Here is my solution:
((((someprog; echo $? >&3) | filter >&4) 3>&1) | (read xs; exit $xs)) 4>&1
echo $?
See my answer for the same question on unix.stackexchange.com for a detailed explanation and an alternative without subshells and some caveats.
By combining PIPESTATUS[0] and the result of executing the exit command in a subshell, you can directly access the return value of your initial command:
command | tee ; ( exit ${PIPESTATUS[0]} )
Here's an example:
# the "false" shell built-in command returns 1
false | tee ; ( exit ${PIPESTATUS[0]} )
echo "return value: $?"
will give you:
return value: 1
So I wanted to contribute an answer like lesmana's, but I think mine is perhaps a little simpler and slightly more advantageous pure-Bourne-shell solution:
# You want to pipe command1 through command2:
exec 4>&1
exitstatus=`{ { command1; printf $? 1>&3; } | command2 1>&4; } 3>&1`
# $exitstatus now has command1's exit status.
I think this is best explained from the inside out - command1 will execute and print its regular output on stdout (file descriptor 1), then once it's done, printf will execute and print icommand1's exit code on its stdout, but that stdout is redirected to file descriptor 3.
While command1 is running, its stdout is being piped to command2 (printf's output never makes it to command2 because we send it to file descriptor 3 instead of 1, which is what the pipe reads). Then we redirect command2's output to file descriptor 4, so that it also stays out of file descriptor 1 - because we want file descriptor 1 free for a little bit later, because we will bring the printf output on file descriptor 3 back down into file descriptor 1 - because that's what the command substitution (the backticks), will capture and that's what will get placed into the variable.

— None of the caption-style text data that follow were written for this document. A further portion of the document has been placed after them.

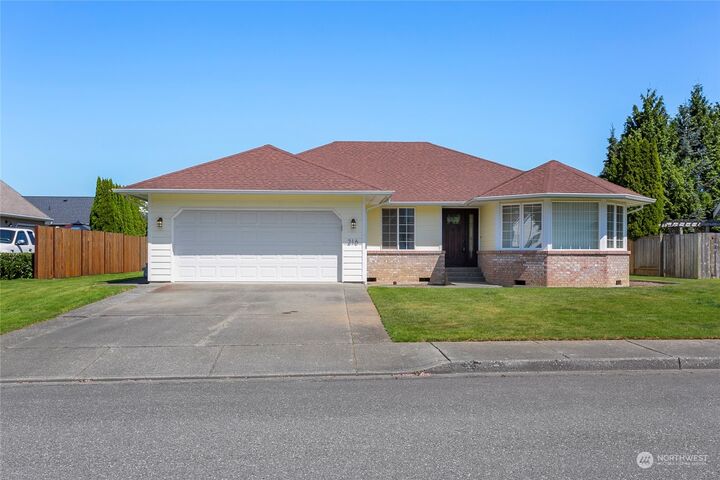 216 E Sunrise Drive  Lynden WA 98264 photo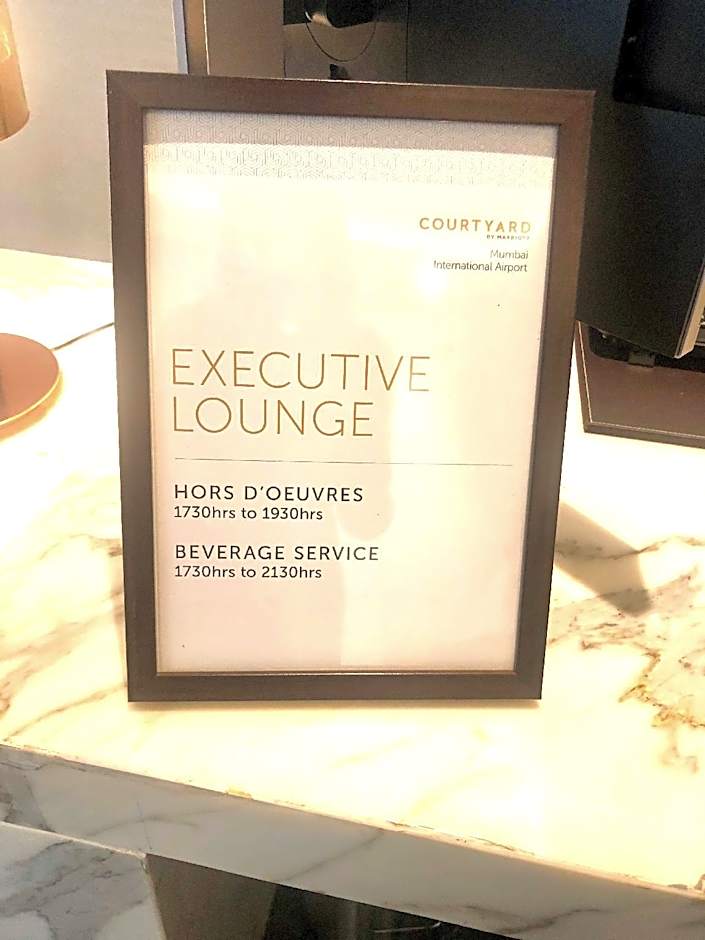 Courtyard by Marriott Mumbai International Airport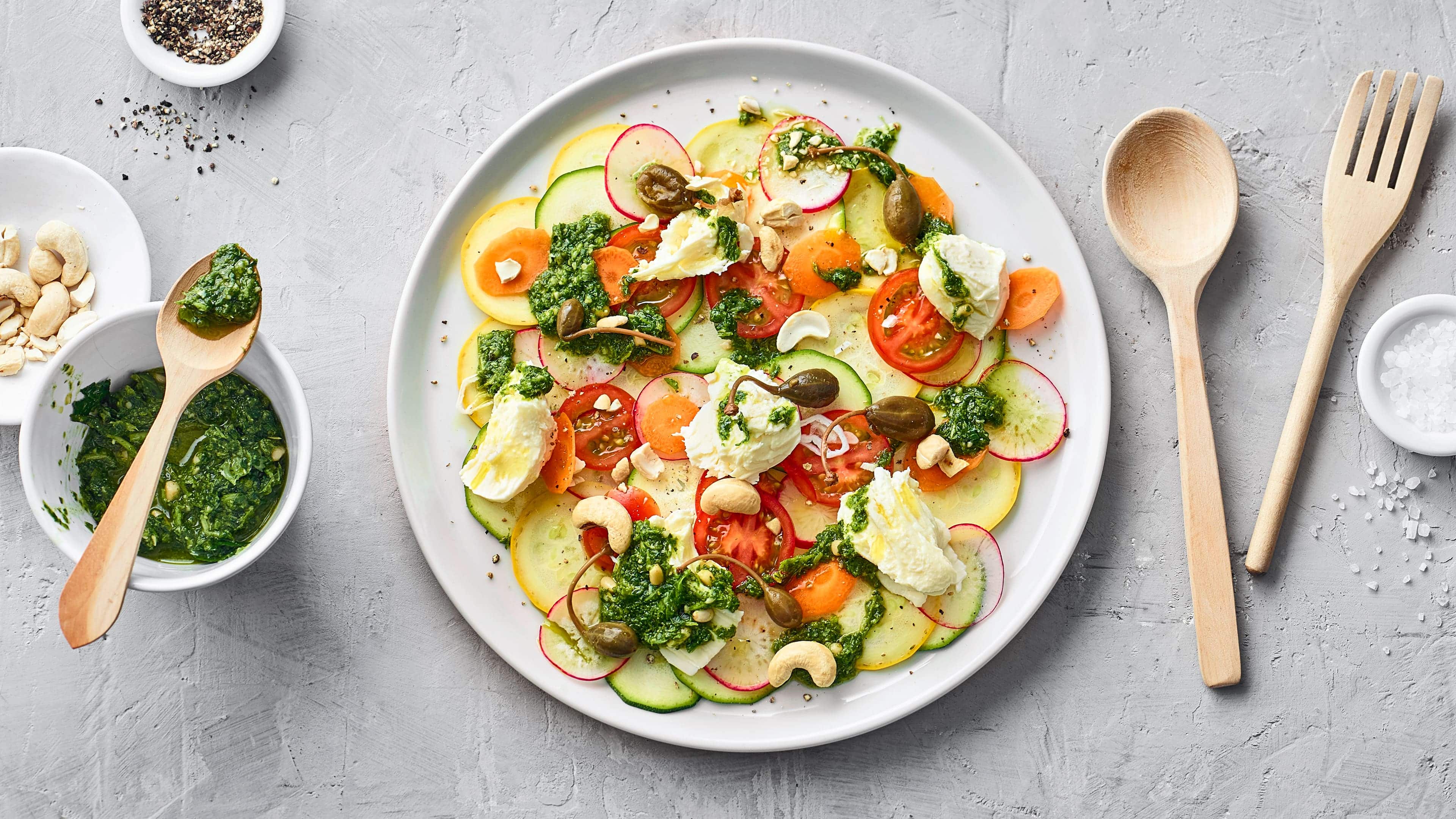 Gemüse-Caprese mit Pesto Unser Tipp für einen leckeren Sommersalat: Probieren Sie Gemüse-Caprese mit Petersilienpesto und Cashewkernen – in 20 Minuten auf dem Tisch!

The final bit of magic is that first exec 4>&1 we did as a separate command - it opens file descriptor 4 as a copy of the external shell's stdout. Command substitution will capture whatever is written on standard out from the perspective of the commands inside it - but since command2's output is going to file descriptor 4 as far as the command substitution is concerned, the command substitution doesn't capture it - however once it gets "out" of the command substitution it is effectively still going to the script's overall file descriptor 1.
(The exec 4>&1 has to be a separate command because many common shells don't like it when you try to write to a file descriptor inside a command substitution, that is opened in the "external" command that is using the substitution. So this is the simplest portable way to do it.)
You can look at it in a less technical and more playful way, as if the outputs of the commands are leapfrogging each other: command1 pipes to command2, then the printf's output jumps over command 2 so that command2 doesn't catch it, and then command 2's output jumps over and out of the command substitution just as printf lands just in time to get captured by the substitution so that it ends up in the variable, and command2's output goes on its merry way being written to the standard output, just as in a normal pipe.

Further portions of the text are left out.